# Worthy Thermal tape  Poll.



## kiriakost (Jan 21, 2009)

I am looking for the best quality thermal tape, to attach aluminum pads on chips. 

I had use the Sekisui  to attach one sensor , before four years, and still goes great.
But aluminum pads are a more delicate mater , if a pad  does free fall , it will cause a damage due electrical shortcut . 

So i need the totally best for the job.  



I  started this poll , so the results to help me , and all the others who cares about that subject.


----------



## Silverel (Jan 21, 2009)

I see no poll o.o

Thermattach has some really nice stuff.







Strong stuff!


----------



## erocker (Jan 21, 2009)

I voted 3M becuase from what I've used it works the best in sticking and performance plus you can buy a lot of it at a good price.  I've never used Thermmattatch, but after reading up on it and seeing that pic I'm going to give it a try.


----------



## kiriakost (Jan 21, 2009)

I did a quick search about Thermattach , its not widely available.


----------



## Silverel (Jan 21, 2009)

http://www.google.com/products?q=thermattach&scoring=p

Yar?

Ah, Greece... Yeah, international shipping is a lil expensive I suppose. o.o


----------



## nafets (Jan 21, 2009)

I've been using Sekisui 5760 for years now and it's never failed me. It's reasonably priced and fairly easy to find in large quantities. There's a reason Thermalright uses it on many of it's memory and VRM heatsinks, that are supplied with it's VGA coolers.
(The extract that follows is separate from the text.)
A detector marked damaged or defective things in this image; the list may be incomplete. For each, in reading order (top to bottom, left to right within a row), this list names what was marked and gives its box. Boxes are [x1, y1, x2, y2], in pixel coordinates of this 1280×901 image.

More importantly though, is that you can have the best thermal tape in the world but if you don't properly clean off both the application surface and the heatsink, your results will always be less than satisfactory....


----------



## PVTCaboose1337 (Jan 21, 2009)

The Sekisui 5760 is one of the two tapes I have used.  It is available at the Fry's near me.  It has lasted on my 7900gt holding on ramsinks.


----------



## Zanga (Jan 21, 2009)

In the past i have used Sekisui with great success. I still have two ATi Radeon 9250 with memory heatsinks on them, i wanted to removed one of them and almost broke the PCB . Also a lot of past systems that i had where using sekisui fixed senors and it was ok. To ensure a tight fit, after applying the heatsink, warm up the component press them again, let it cool. Done


----------



## kiriakost (Jan 21, 2009)

Zanga said:


> ITo ensure a tight fit, after applying the heatsink, warm up the component press them again, let it cool. Done



  True , the adhesive acrylic tapes , gets full strength by getting warm. 
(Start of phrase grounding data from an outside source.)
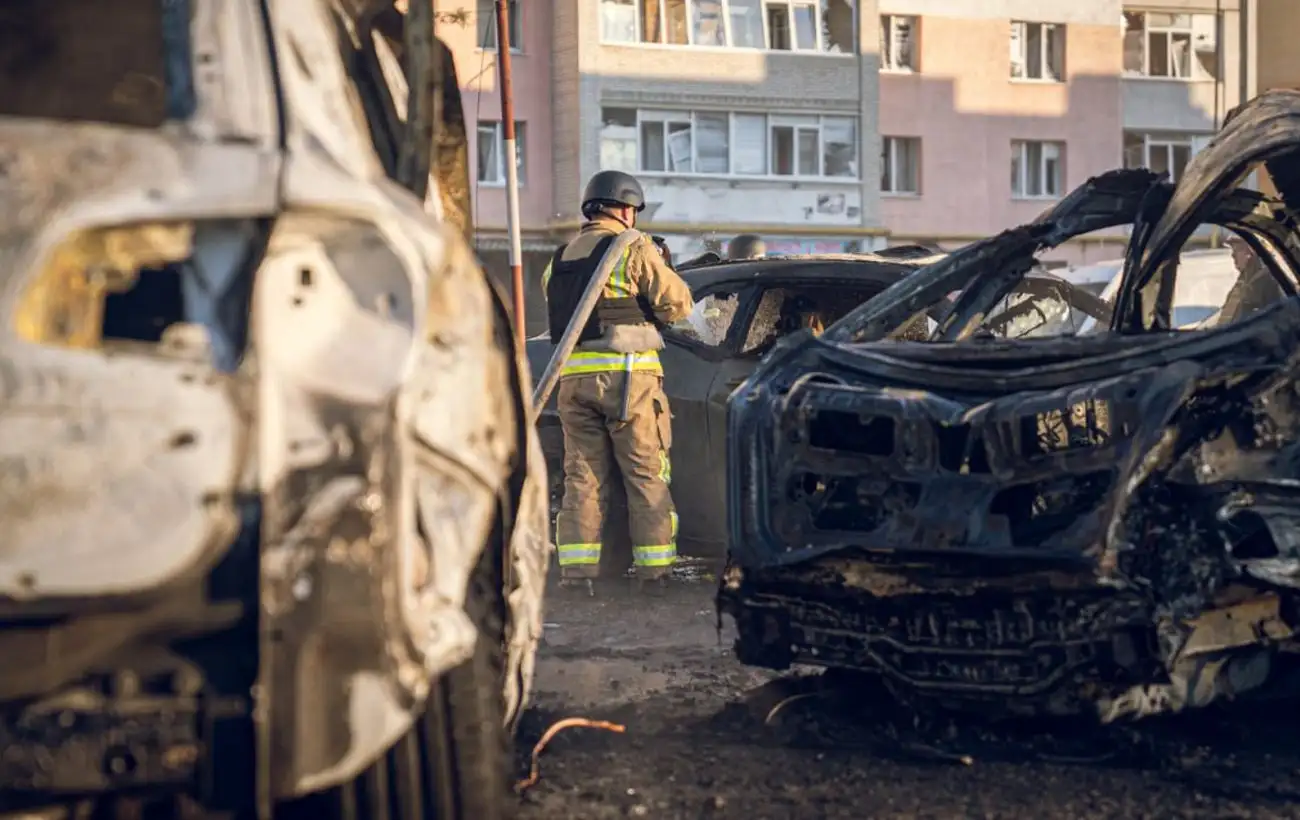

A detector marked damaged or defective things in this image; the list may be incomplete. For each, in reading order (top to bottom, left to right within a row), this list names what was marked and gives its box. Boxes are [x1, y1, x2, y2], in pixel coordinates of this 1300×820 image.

broken windshield [0, 0, 195, 127]
broken window [478, 0, 522, 50]
broken window [878, 13, 920, 71]
broken window [1008, 20, 1060, 80]
broken window [1128, 11, 1216, 80]
broken window [878, 139, 920, 196]
broken window [1008, 140, 1060, 200]
charred car body [0, 1, 548, 820]
burned car [1, 1, 548, 820]
burned car [527, 248, 1107, 563]
charred car body [717, 91, 1300, 722]
burned car [722, 88, 1300, 722]
burnt car interior [722, 91, 1300, 722]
Very smart tip .  Thanks ..


----------



## kiriakost (Jan 22, 2009)

I found some thing really old , but its funny and worth to be read . 
http://www.frostytech.com/articleview.cfm?articleID=2276

Lets call it ancient thermal tapes review .  
Now ... i do know what Frag tape is ..


----------



## kiriakost (Jan 22, 2009)

Ok got the Sekisui  tape  , three stripes  1" x 8"     2.50 x 15 mm  for 5$ - 4€ shipped 

I tried to locate the 5760.pdf , but old links were dead. 
I finally manage to get it , but i need some help here ..  

http://www.sekisui-i-tape.com/pdf/5760.pdf

As electronics engineer , i have large curiosity to learn if possible, the thermal range that this tape can handle. 
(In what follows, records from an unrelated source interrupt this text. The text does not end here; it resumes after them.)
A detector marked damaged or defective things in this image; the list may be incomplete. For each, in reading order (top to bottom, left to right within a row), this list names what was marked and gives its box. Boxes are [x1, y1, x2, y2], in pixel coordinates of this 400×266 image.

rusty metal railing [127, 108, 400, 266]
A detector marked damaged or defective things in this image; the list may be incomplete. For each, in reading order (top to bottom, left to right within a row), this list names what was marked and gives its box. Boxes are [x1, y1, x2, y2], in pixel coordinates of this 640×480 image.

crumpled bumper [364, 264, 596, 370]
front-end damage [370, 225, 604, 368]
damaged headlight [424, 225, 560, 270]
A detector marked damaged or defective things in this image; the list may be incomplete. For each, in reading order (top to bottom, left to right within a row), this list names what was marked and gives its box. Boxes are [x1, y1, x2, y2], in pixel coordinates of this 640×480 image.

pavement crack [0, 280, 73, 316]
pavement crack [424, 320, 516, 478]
There is a value of 40 Celsius in that document , but the three languages that i speak does not help me more on that document.


----------



## OnBoard (Jan 22, 2009)

What ever is below those blue zalman heatsinks. I've used them multiple times and always stick great + they are not super thin, so they mold to mosfets great.

Wish I had more of them, last ones currently cooling my mobo mosfets.


----------